Inizia subito con un rinvio il processo all’ex consigliere di Catania, Riccardo Pellegrino, per il presunto voto di scambio in occasione delle Regionali 2017. All’origine dello slittamento, deciso dal giudice Domenico Stilo, c’è stato un difetto di notifica a uno degli imputati, accusati di avere avuto un ruolo nella ricerca dei voti per il politico originario del quartiere San Cristoforo che, a novembre di due anni fa, tentò la scalata all’Ars, nonostante l’etichetta di impresentabile affibbiatagli per i problemi giudiziari del fratello Gaetano condannato in primo grado perché ritenuto uno degli uomini di fiducia del boss Nuccio Mazzei.

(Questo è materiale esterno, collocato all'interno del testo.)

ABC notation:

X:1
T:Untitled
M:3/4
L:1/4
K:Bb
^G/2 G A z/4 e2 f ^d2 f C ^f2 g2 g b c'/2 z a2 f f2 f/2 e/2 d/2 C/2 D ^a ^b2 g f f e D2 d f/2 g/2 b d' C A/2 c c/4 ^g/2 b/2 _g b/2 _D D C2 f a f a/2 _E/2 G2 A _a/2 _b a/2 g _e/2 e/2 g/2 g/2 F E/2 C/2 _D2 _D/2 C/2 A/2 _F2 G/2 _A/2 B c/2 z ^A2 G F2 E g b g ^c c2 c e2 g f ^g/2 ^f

Pellegrino, questa mattina, non era nell’aula della quarta sezione penale di via Crispi. Presente invece il suo legale, l’avvocato Luca Mirone, al quale nelle prossime udienze si affiancherà il collega Giuseppe Lipera. A presenziare, invece, è stato uno degli altri illustri imputati: Biagio Susinni. L’ex sindaco di Mascali deve rispondere dell’accusa di avere fatto parte della catena di comando creata per raccogliere consensi in favore di Pellegrino, o meglio di avere deviato sul giovane politico catanese quei voti che in un primo momento sarebbero dovuti andare ad Ascenzio Maesano.

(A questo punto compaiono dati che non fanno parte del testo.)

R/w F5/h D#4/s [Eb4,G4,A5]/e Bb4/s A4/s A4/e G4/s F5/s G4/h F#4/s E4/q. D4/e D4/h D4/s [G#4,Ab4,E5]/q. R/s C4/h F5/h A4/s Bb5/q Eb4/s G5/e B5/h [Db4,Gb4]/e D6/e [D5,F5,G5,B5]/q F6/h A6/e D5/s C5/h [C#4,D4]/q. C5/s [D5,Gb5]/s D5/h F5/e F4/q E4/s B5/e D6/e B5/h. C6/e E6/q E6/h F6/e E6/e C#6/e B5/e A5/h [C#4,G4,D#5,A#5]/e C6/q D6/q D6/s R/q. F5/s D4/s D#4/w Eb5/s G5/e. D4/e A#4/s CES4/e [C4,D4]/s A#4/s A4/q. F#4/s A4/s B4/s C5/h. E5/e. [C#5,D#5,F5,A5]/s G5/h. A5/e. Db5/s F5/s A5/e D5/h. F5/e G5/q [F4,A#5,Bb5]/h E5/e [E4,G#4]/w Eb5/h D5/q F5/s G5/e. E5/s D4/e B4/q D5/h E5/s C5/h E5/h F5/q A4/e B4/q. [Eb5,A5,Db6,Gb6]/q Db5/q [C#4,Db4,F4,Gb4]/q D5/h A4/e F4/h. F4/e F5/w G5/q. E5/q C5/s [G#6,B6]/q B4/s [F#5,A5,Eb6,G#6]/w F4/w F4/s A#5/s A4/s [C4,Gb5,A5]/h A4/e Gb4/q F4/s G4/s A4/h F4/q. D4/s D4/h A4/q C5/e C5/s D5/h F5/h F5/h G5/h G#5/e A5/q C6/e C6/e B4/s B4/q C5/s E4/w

Quest’ultimo – anche lui imputato per il reato di corruzione elettorale – avrebbe voluto provare a diventare onorevole all’Ars, sulla scia della terza esperienza da sindaco di Aci Catena. Una candidatura alle Regionali che sarebbe stata preparata oltre un anno prima del voto ma che poi è tramontata con l’arresto del 10 ottobre 2016, quando gli uomini della Dia bloccarono l’allora primo cittadino e un ex funzionario – nei mesi scorsi condannati in via definitiva a poco meno di tre anni – pochi mesi dopo essersi intascati una mazzetta da 20mila euro da un imprenditore. Maesano, che attualmente si trova nella casa di reclusione di San Cataldo per gli effetti della legge Spazzacorrotti, non era presente in aula. I suoi legali, tuttavia, non hanno sollevato eccezioni in merito al possibile legittimo impedimento, come invece fatto poche settimane fa in occasione dell’udienza per il processo Gorgoni, dove il politico catenoto deve rispondere di corruzione nell’ambito dei rapporti con l’impresa di raccolta rifiuti Senesi.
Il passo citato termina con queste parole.